Il Cio, in accordo con il Giappone, ha preso la decisione più giusta. Capisco benissimo le difficoltà del governo nipponico, che perderà diversi soldi così come le varie federazioni da questo slittamento, ma è stato giusto anteporre agli interessi economici la salute degli atleti. Oltre alla salute non dimentichiamoci che non tutti gli atleti riescono ad allenarsi, che in molti sport non vi erano nemmeno singoli atleti o squadre ancora qualificate, e per questo alcuni comitati olimpici come Canada e Australia non più di due giorni fa avevano annunciato che non si sarebbero presentati. Giusto poi ricordare che i laboratori antidoping sono chiusi per i prossimi mesi, quindi ribadisco che quella presa è stata la soluzione più ragionevole.

Entrando invece nello specifico, come valuta il posticipo per la Nazionale Italiana di softball che è stata una delle prime nazionali azzurre a qualificarsi?

Per le azzurre sarebbe stata e sarà durissima ma, considerata la crescita esponenziale di questo ultimo triennio ed eventualmente la possibilità di rinforzarsi ulteriormente, ritengo possibile il raggiungimento del podio e poi, ognuno di noi ha un paio di ali, ma solo chi sogna impara a volare.”

Cosa ci dice invece della mancata preparazione in questo periodo di obbligata quarantena?

Le azzurre del softball così come tutte le atlete e tutti gli atleti staranno certamente seguendo tabelle di lavoro personalizzate sia tecniche che atletiche da effettuarsi in ambito abitativo, certo non sarà il massimo ma è l’unica possibilità ad oggi praticabile.”

La Sacco Legnano invece? E’ stato un inverno di silenzio, poca comunicazione verso l’esterno e quindi c’è un po’ di mistero verso la formazione biancorossa in vista del prossimo campionato, cosa ci dice in proposito?

Ad oggi sappiamo che inizieremo ( se tutto ok ) a metà giugno, ma per quanto riguarda la formula ancora nulla, certamente come club ci faremo promotori assieme ad altri di proposte condivise atte a rendere il campionato il più competitivo ed interessante possibile. Per quanto riguarda la comunicazione avevamo scelto un tipo di approccio diverso dal solito, serie di innovazione che avrebbero visto la luce tra la fine di febbraio, marzo ed aprile, ma vista la drammaticità del momento il tutto è rimandato a data da destinarsi.”
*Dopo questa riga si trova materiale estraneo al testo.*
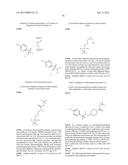 3-ARYL-5-SUBSTITUTED-ISOQUINOLIN-1-ONE COMPOUNDS AND THEIR THERAPEUTIC USE diagram and image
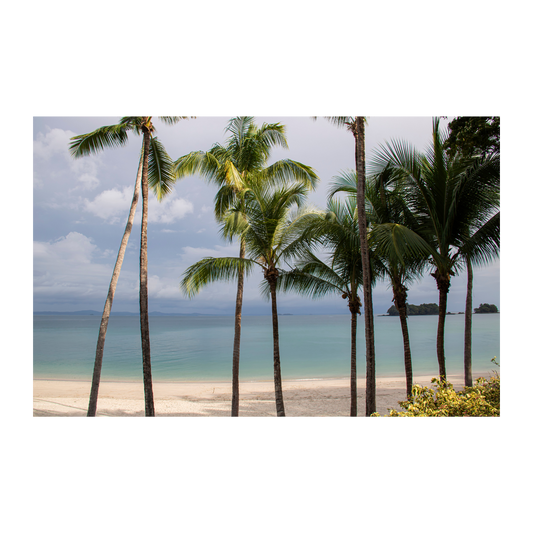 Isla Pedro Gonzales, Panamá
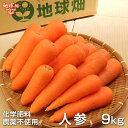 残りわずか 人参 9kg 化学肥料・農薬不使用 鹿児島県産 宮崎県産 冷蔵便 洗い にんじん ニンジン 人参ジュース用 発送期間3月~7月中旬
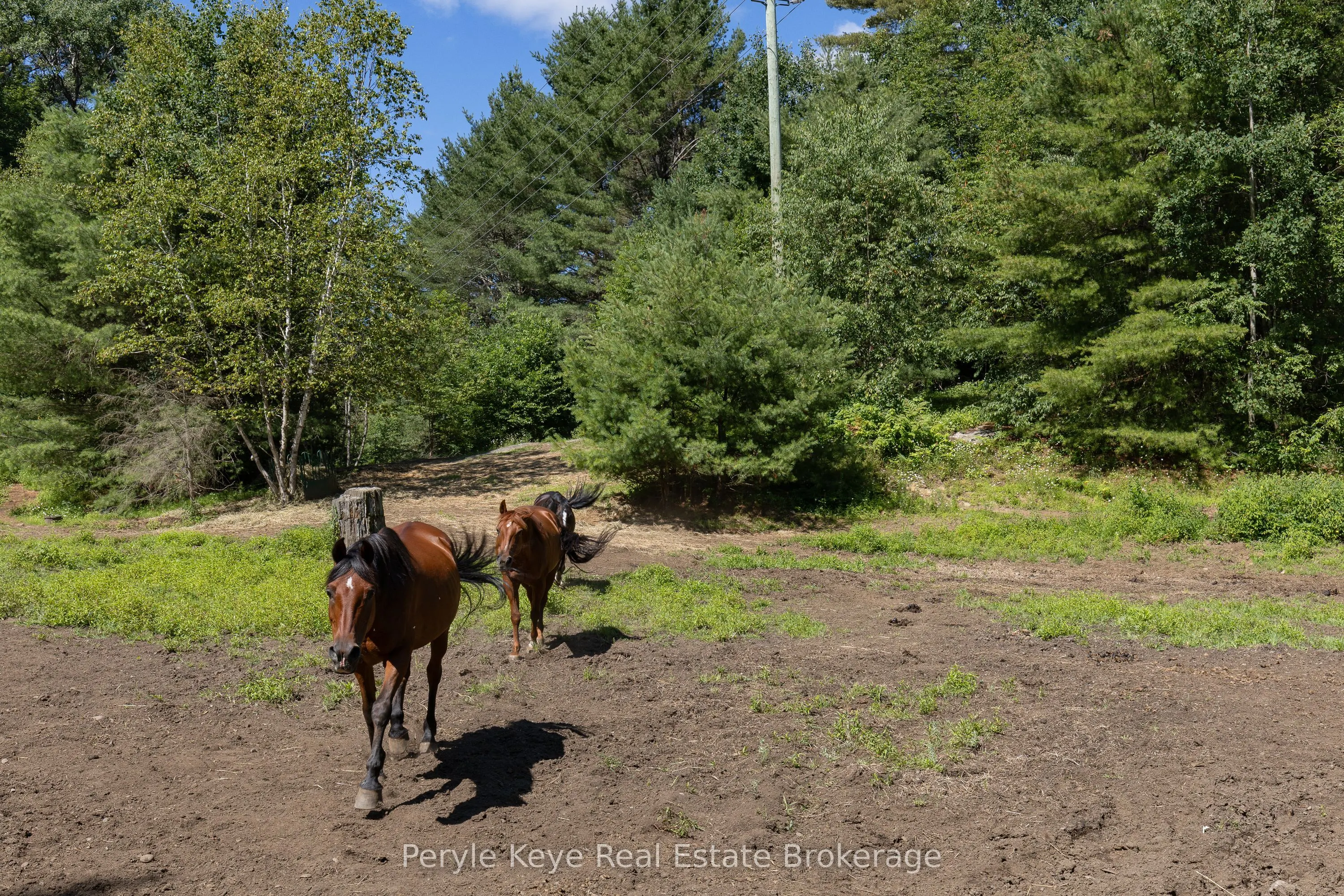 2322 Old Muskoka Road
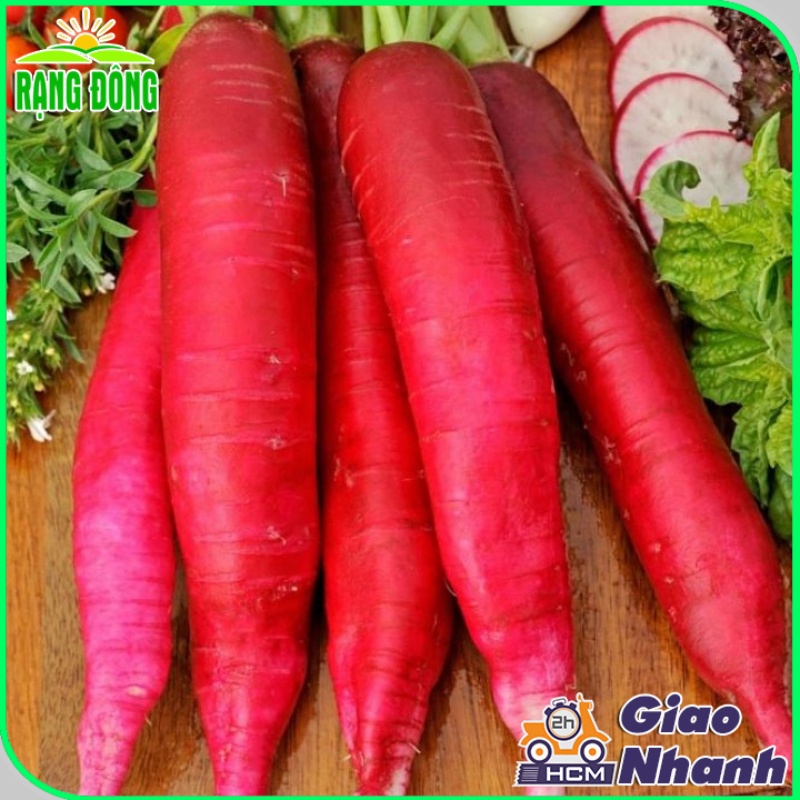 Hạt giống Củ Cải Đỏ - giống củ dài, giòn, ngọt (gói 2 gr) - Hạt giống Rạng Đông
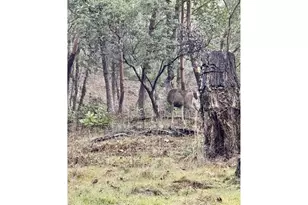 2263 Canyonville-Riddle Rd, Riddle, OR 97469 - Photo 35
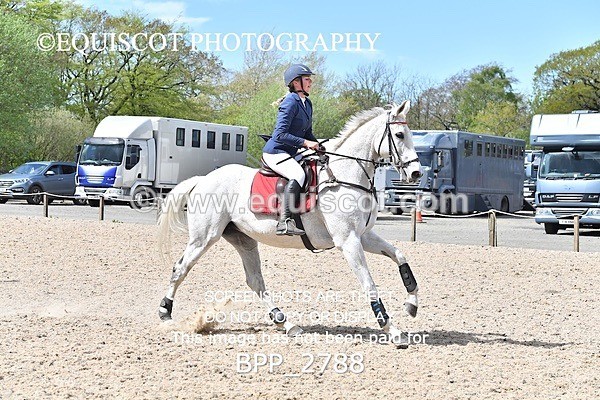 BPP_2788 - FRI CLASS 4 95CM AM CHAMP QUAL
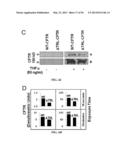 Compositions and Methods for Treating Pulmonary Conditions diagram and image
Della squadra invece cosa ci può dire?

La squadra lavora dal mese di novembre agli ordini del Prof. Croci per la parte atletica e di Fernandez per quella tecnica, l’abbiamo ulteriormente ringiovanita con l’inserimento di prospetti futuribili importanti e c’è tanta voglia di scendere in campo così come per tutte le squadre del mondo dopo tanti mesi di lavoro passati indoor. Le ragazze stanno in questo momento seguendo tabelle di lavoro differenziate e video tutorial tecnici che le sostengano nel loro ripasso quotidiano dei fondamentali, inoltre attraverso una video chat interna, ci incontriamo e confrontiamo virtualmente due volte alla settimana.”

Un ultimo pensiero a la situazione che stiamo vivendo?

Un pensiero a chi abita i reparti di terapia intensiva dove si combatte contro la morte. La condizione di dipendere da mani altrui, lo strazio di non avere i propri cari accanto. Pensando all’anima, oltre che alla sopravvivenza! La nostra generazione sta vivendo un qualcosa che finirà nei libri di storia per l’eternità, ma ne avremmo fatto volentieri a meno. Speriamo finisca presto.”